Work order: Copy out exactly every line from the line containing "Zuecos Mujer Crocs" until the records below end, inclusive of both boundary lines.

Dataset entries:

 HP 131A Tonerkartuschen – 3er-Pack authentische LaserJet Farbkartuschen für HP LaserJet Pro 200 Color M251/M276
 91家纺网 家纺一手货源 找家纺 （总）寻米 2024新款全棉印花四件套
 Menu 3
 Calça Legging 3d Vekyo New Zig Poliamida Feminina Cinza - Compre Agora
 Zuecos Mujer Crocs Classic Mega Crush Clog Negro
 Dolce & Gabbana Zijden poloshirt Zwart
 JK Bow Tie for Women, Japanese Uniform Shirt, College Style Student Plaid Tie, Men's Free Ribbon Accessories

Solution to the exercise:
 Zuecos Mujer Crocs Classic Mega Crush Clog Negro
 Dolce & Gabbana Zijden poloshirt Zwart
 JK Bow Tie for Women, Japanese Uniform Shirt, College Style Student Plaid Tie, Men's Free Ribbon Accessories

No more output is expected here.